La dernière solution mise en oeuvre dans les gares à Tokyo : numéroter les stations. CY9, TK1…

Super. Sauf que lesdits numéros ne sont pas annoncés en Japonais. Donc ça reste exclusivement réservé aux visiteurs et est globalement incompréhensible par les voyageurs japonais. C’est sûr, les numéros sont affichés en gare et sur les écrans dans le train. Sauf que, la théorie le dit, si vous êtes exposé à une information dont vous ne faites rien (ou qui ne vous concerne pas, ne vous intéresse pas, ou que vous rejetez), vous ne la retiendrez pas. Donc ça limite énormément le nombre de personne capable de comprendre ce que vous voulez dire quand vous lui demandez le chemin vers Ueno Station (qui par ailleurs a 6 différents numéros avec ce système).

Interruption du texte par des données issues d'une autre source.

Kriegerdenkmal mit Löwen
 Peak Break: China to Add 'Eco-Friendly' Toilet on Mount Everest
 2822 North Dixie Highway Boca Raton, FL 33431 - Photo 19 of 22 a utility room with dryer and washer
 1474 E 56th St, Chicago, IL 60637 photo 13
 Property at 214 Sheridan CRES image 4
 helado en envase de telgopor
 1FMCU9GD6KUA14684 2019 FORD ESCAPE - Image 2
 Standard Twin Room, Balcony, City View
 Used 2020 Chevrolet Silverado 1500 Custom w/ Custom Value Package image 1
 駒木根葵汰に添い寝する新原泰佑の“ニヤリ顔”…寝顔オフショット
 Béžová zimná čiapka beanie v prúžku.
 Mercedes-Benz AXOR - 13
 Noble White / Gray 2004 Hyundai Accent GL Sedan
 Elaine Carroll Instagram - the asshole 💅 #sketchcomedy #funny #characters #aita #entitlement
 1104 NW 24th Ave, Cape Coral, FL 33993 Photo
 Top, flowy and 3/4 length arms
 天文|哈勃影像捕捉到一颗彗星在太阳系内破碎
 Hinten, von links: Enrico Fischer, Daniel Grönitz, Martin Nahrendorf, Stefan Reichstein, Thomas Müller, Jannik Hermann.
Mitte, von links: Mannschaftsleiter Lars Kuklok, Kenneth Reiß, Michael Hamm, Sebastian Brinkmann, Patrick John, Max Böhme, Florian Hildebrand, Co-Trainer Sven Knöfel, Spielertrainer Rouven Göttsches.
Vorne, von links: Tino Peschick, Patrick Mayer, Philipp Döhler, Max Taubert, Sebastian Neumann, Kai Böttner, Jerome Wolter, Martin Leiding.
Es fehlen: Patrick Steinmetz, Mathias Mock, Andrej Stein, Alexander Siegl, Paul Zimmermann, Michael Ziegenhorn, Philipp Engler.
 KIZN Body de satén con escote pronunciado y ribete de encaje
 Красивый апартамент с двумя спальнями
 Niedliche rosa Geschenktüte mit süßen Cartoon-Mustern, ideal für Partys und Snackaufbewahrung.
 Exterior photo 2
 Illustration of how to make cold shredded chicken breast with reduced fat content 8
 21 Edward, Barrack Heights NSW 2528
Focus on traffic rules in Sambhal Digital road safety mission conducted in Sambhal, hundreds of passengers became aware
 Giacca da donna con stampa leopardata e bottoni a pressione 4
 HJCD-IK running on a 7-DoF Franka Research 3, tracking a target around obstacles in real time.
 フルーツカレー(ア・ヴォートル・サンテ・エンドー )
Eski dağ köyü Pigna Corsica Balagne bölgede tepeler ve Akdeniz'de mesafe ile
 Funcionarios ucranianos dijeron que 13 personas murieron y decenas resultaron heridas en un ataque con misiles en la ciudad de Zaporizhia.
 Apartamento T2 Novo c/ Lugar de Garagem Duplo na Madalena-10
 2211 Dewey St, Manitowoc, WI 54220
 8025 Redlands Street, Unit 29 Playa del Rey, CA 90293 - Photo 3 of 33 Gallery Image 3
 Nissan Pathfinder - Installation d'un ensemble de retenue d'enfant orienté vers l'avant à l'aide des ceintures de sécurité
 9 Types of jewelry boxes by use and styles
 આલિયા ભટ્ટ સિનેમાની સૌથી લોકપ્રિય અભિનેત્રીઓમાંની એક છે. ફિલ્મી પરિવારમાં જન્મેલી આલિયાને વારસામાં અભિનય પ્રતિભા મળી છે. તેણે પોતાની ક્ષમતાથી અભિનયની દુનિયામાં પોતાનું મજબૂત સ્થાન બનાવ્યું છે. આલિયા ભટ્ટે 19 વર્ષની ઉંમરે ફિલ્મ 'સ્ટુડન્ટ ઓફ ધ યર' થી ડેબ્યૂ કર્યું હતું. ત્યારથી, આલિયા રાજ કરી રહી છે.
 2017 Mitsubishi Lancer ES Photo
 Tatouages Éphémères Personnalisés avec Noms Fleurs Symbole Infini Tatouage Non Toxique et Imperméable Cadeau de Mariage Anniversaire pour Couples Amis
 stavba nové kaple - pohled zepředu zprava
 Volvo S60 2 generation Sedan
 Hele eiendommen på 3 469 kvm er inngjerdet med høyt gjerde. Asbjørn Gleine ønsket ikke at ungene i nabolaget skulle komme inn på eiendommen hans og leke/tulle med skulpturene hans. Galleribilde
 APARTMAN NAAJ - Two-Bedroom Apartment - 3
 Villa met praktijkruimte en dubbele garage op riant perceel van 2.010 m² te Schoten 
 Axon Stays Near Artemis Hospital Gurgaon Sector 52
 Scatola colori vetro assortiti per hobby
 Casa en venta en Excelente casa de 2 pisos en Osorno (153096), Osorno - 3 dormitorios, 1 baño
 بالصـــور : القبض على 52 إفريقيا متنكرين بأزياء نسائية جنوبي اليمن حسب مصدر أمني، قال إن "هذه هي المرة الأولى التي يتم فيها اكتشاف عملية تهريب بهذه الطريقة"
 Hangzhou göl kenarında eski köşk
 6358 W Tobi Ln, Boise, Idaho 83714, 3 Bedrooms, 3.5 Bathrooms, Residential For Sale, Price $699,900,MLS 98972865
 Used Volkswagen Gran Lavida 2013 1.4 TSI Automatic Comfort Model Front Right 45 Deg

Exemples de panneaux indicateurs de lignes de train avec numerotation (Ex. : JU02, JK30, JY05, G16, H17)
Simplifiez qu’y disaient

Le mot de la fin

Plutot une grosse question : quel systeme de transcription est le plus efficace ? L’anglais fait sens en Europe parce que les différents pays proches parlent différentes langues. MAIS ça n’empêche pas la RATP par exemple de faire passer des annonces en différentes langues en fonction des périodes de vacances des pays correspondants.

Pour l’Asie, c’est moins évident. Statistiquement, avoir une communication en Chinois ferait sens. Pourquoi ce focus sur l’anglais ? La vraie raison est-elle diplomatique ? L’occupation américaine (et les bases toujours présentes) et les tensions récurrentes avec la Chine sont-elles les vraies raisons ? Mais dans ce cas, pourquoi pas de Russe, de Thai de Tagalog ou de Vietnamien ? Le Coréen est bien présent mais largement moins que l’Anglais.

Je reste partisan d’apprendre un minimum la langue du pays où je vais en visite mais je sais aussi que tout le monde n’a pas la même façon de penser.

Bref, si vous avez des éléments de réponse, je suis preneur.